More than matching the performance of OpenAI's best models, they've also released the full training recipe, and the neural network weights. This means that anyone has access to these models. The efficiency of their training process also means that the cost of running these models is orders of magnitude cheaper than they were. The "compute is all you need" and "compute is the moat" narrative is essentially being replaced by "intelligence will be cheap and for everyone".
Overall, the trend seems fairly clear: 1) LLM models will become increasingly strong at reasoning 2) increasingly efficient and 3) things are moving very fast. In the first week of January, a small model was able to match the best large models at math reasoning tasks through this new paradigm (tweet).
Undoubtedly, 2025 will be another record year for AI progress. When things go so fast, it's perhaps wise to take a step back!
First, for the research community I think it's important to think about their contribution.
At NeurIPS, the writer Ted Chiang closed his talk at the creativity and generative AI workshop with the following quote:
"How is what you're doing different from geologists working in the oil industry? Are you using your knowledge of geology to make the world a better place?".

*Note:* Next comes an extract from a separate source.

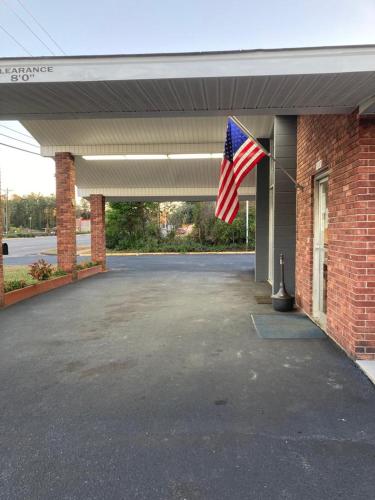 FAIRFIELD MOTEL OF WINNSBORO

Every month of 2024 was the warmest ever recorded, and the start of the year is only making the crisis we're in glaringly obvious. Building loads of data centres and calling for more compute might not be the only move available in our quest for more intelligence! (see this thread by Karen Hao)
For people further from the field, I think it's interesting to reflect on the role of knowledge in our lives. For centuries, having access to knowledge was difficult, and often a mark of privilege, or at least of important effort. Now knowledge is at our fingertips more than ever. I'd argue intelligence is moving away from having knowledge and increasingly towards choosing the right problems to solve. How and when to use that knowledge, or how to successfully implement intelligent ideas in the real world will remain a difficult task. And because of this, it will take time for AI innovation to cascade into the physical world, because it will always be combined with the messy human stuff (mindsets and resistance to change, overcoming existing systems and processes etc).